I wonder what went through Peter’s mind as he heard of such extravagance. How did he understand the seventy times seven? Did it mean literally 490, and if so, is it right and proper to withhold forgiveness the 491st time? I very much doubt it, because the 70 X 7 expression was common parlance to the people of Israel, just a hyperbolic way of saying, “stop counting, and be prepared always to forgive.”
These words, taken from Matthew 18:21-22, are followed by the parable of the unforgiving servant. It begins with these words, “Therefore the Kingdom of Heaven may be compared to a king who wished to settle accounts with his servants.” The Lord was speaking of a yet future day, when books are opened, and men’s deeds are taken into account.
Suppose we concentrate on just one part of this parable. There was a servant who owed his master 10,000 talents. How any servant could build up such an enormous debt boggles the mind. What does it amount to in modern terms? Various estimates have been suggested. One I have just seen likens it to £300,000,000. We need not haggle over the exact amount. Clearly the Lord was using hyperbolic language, as with the 70 X 7. But whereas He used the 70 X 7 for us as human beings, He wanted to impress His hearers about the measure of God’s forgiveness. And He did so by saying that the king forgave the servant this monumental debt.
This gives us pause. We stop and gasp. Jesus was saying that there is NO LIMIT to God’s forgiveness. No matter how depraved, how violent, how foul a man can become through a life of self-serving and lack of concern for others, there will always be a window in his dungeon as he pays for his sins, and the light of God’s forgiveness will shine in to him. It may take many years before he recognises the meaning of the light, but God will never board up the window and leave him in utter darkness.

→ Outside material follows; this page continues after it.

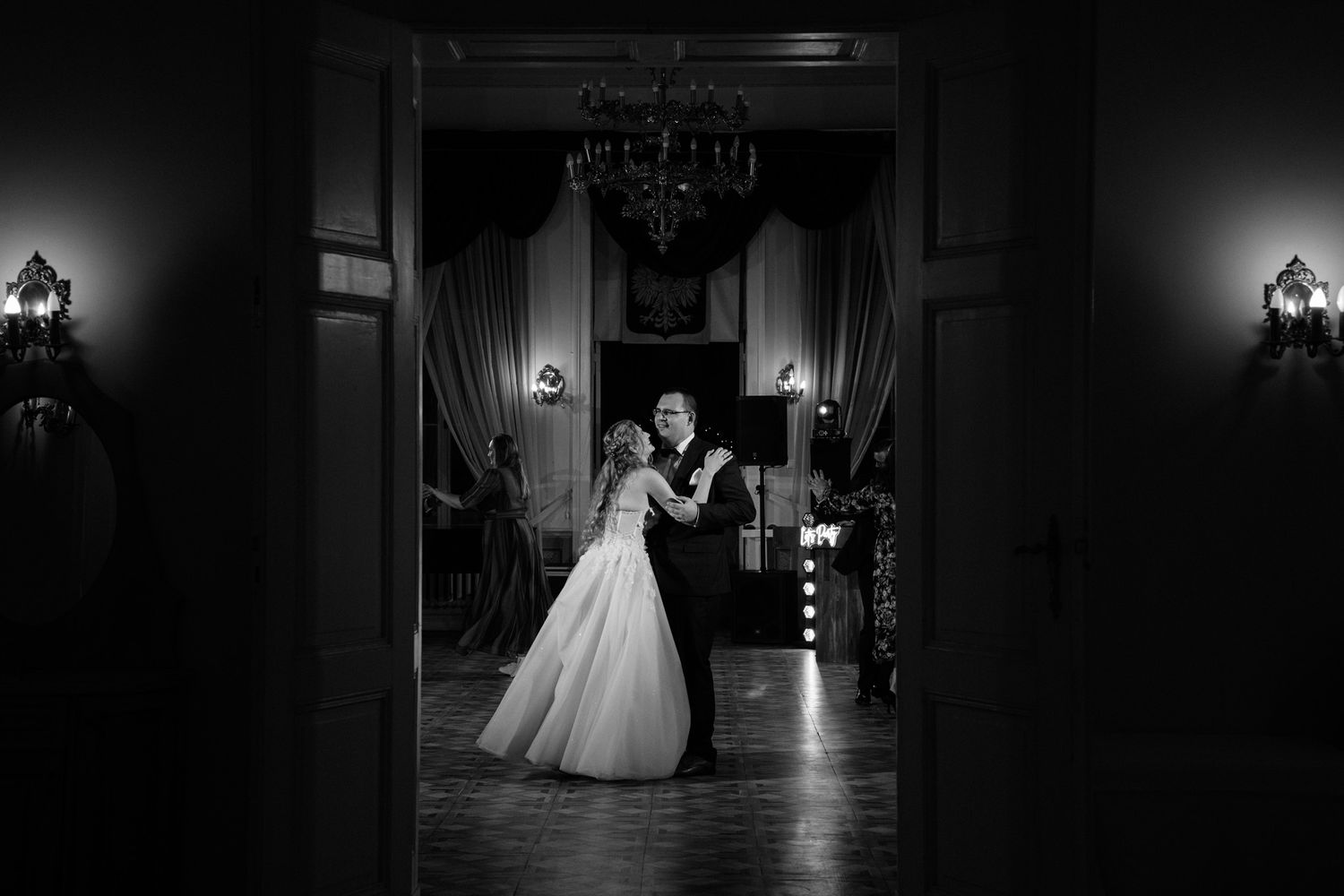 Black and white wedding photograph showing a bride in a ballgown silhouetted against dramatic lighting in an elegant venue.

Such is the meaning of this parable. The unforgiving servant treated his fellow-servant abominably, and caused the king’s anger to boil up. Yes, his days were to be spent in what Victorians called a “Debtor’s Prison”, and he would remain there until he had paid the “uttermost farthing”. But this is where a common mistake is frequently found in print. Expositors tend to consign this servant to an everlasting hell. But they fail to realise that the 10,000 factor speaks clearly of an unending possibility of forgiveness, for even the most hardened of sinners.
We may find it difficult, even impossible, to think about forgiveness for the men who gunned down 12 people in Paris this week, and God knows how difficult it is for human beings to forgive in such cases of incorrigible wickedness, but our parable tells us that a time will come, in this life or the next, when these men will seek God’s forgiveness, and it will not be withheld from them.